1/2 tablespoon butter
1/2 tablespoon canola oil
2 lbs Russet potatoes, cubed
3/4 lb corned beef, cubed
2 “baby” or “spring” Vidalia onions, greens and white parts chopped
2 yellow beets with greens*
1 bunch lacinato kale, chopped
freshly ground black pepper
fried eggs to serve
Cube the beets (chop and reserve the greens) and parboil with the potatoes. Drain thoroughly.
Heat the butter and oil in a large skillet. Saute the onion, potatoes, and beets until the onion is translucent. Add the corned beef, greens, herbs and spices. Saute until the corned beef is heated through. Plate and top with fried egg(s).
*I used yellow cylindra beets which are so pale they are almost white.
Red flannel hash is a classic New England breakfast dish that adds red beets to corned beef hash. The story behind the name varies depending on who telling it (I’ve heard everything from laundry mishaps to vengeful wives serving actual flannel to bizarre war stories) but the most common explanation is that the finished dish looks like a red flannel shirt thanks to the beets dying the potatoes pink and the pinky corned beef.
Beets are in season so I thought it was a perfect excuse to make it! I also bought corned beef and froze it back near St Patrick’s day and my freezer is bursting at the seams so it’s a win-win for me.
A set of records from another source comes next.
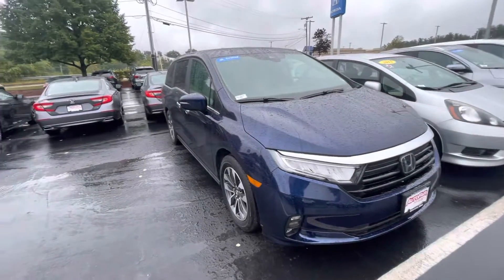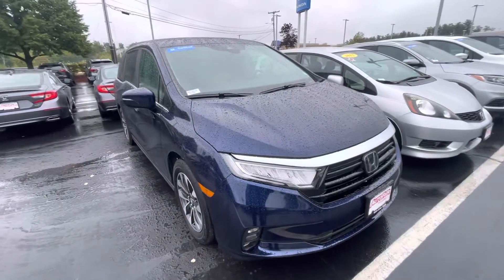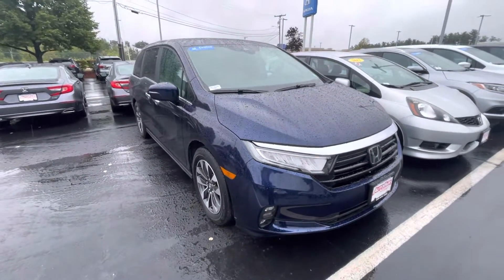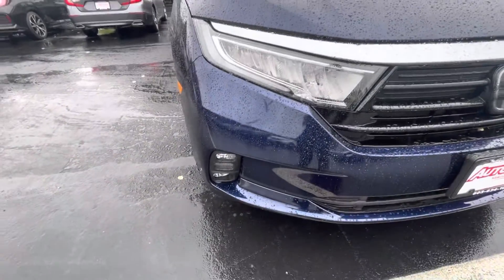Good afternoon, this is Victor over at Auto4Honda here. I have a 2022 pre-owned certified Honda Odyssey EXL. This vehicle is equipped with the LED headlights, fog lights, and daytime running lights as well.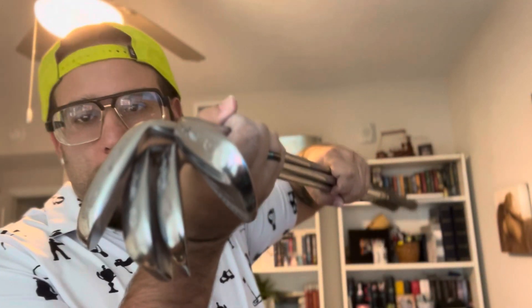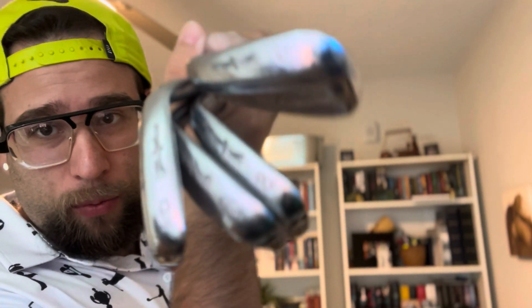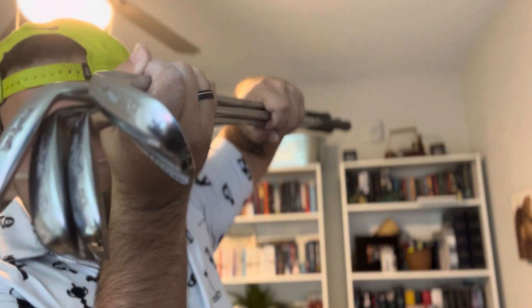And just like that, with the power of video editing, we're back ladies and gentlemen. Went ahead and polished these bad boys up. As you can see — not that great on camera — but they look a lot better. That wraps it up; I'm going to go ahead and list these bad boys for sale.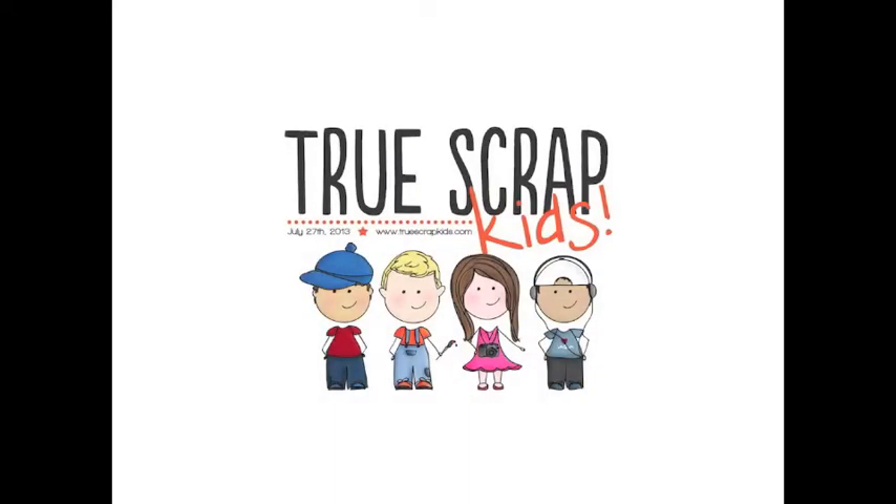Welcome to 31 Days of Your Scrapbooking Q&As. Today's sponsor is True Scrap Kids. Grab your kids, grab your craftiness, and come join us online — July 27th, truescrapkids.com.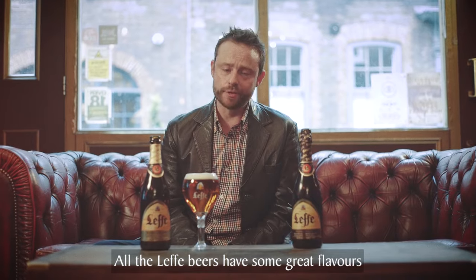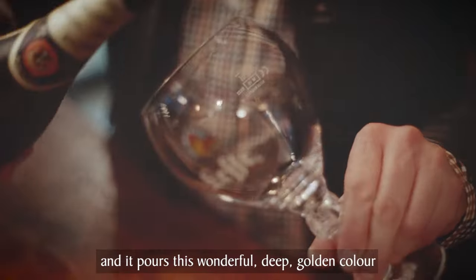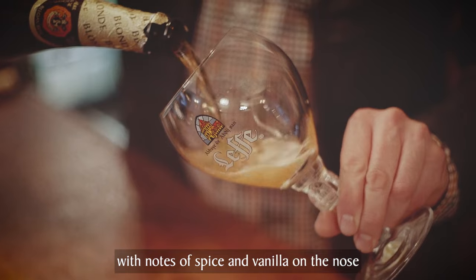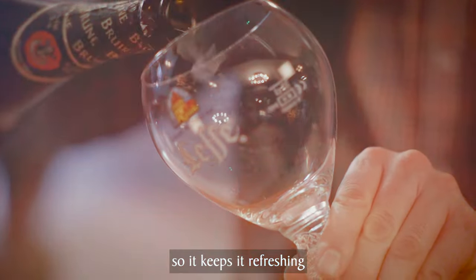All the Leffe beers have some great flavors, and first up we've got Leffe Blonde. It pours this wonderful deep golden color with notes of spice and vanilla on the nose. It finishes nice and dry too from those German hops, so it keeps it refreshing.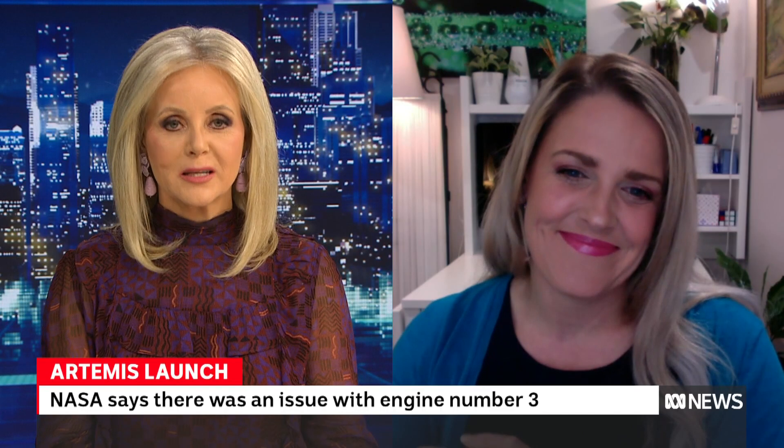It's a pity about tonight, but no doubt there'll be another opportunity. Thanks Claire. Thank you, Bev.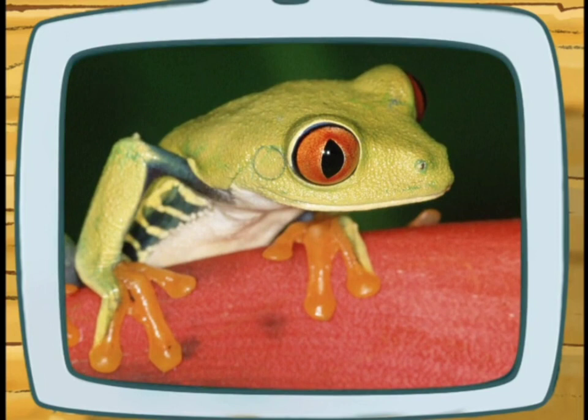We solved the puzzle! And look — that's a picture of a red-eyed tree frog!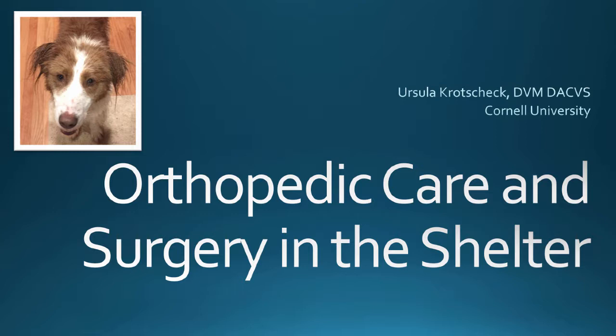I'm an orthopedic surgeon at Cornell. I've been there since 2004.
My beets turned out to be yellow so I changed the name to golden flannel hash and added the beet greens and (also in season) kale for some extra flavor and vitamins(!) which is not strictly traditional but I think it makes a great addition. This would be a good use of leftover greens or cabbage if you had some too. While hash seems breakfasty, it is so hearty, I like to serve it for dinner. I parboil the potatoes ahead of time so it comes together more quickly, they keep just fine in the fridge for a day or two.
So homey and satisfying, even if it is summer and it seems slightly better suited for winter! It’s not like you stop eating hot food just because it is hot out and at least this only needs a brief fry to heat everything up. Plus all of the vegetables are in season right now so why not use them at their peak tastiness?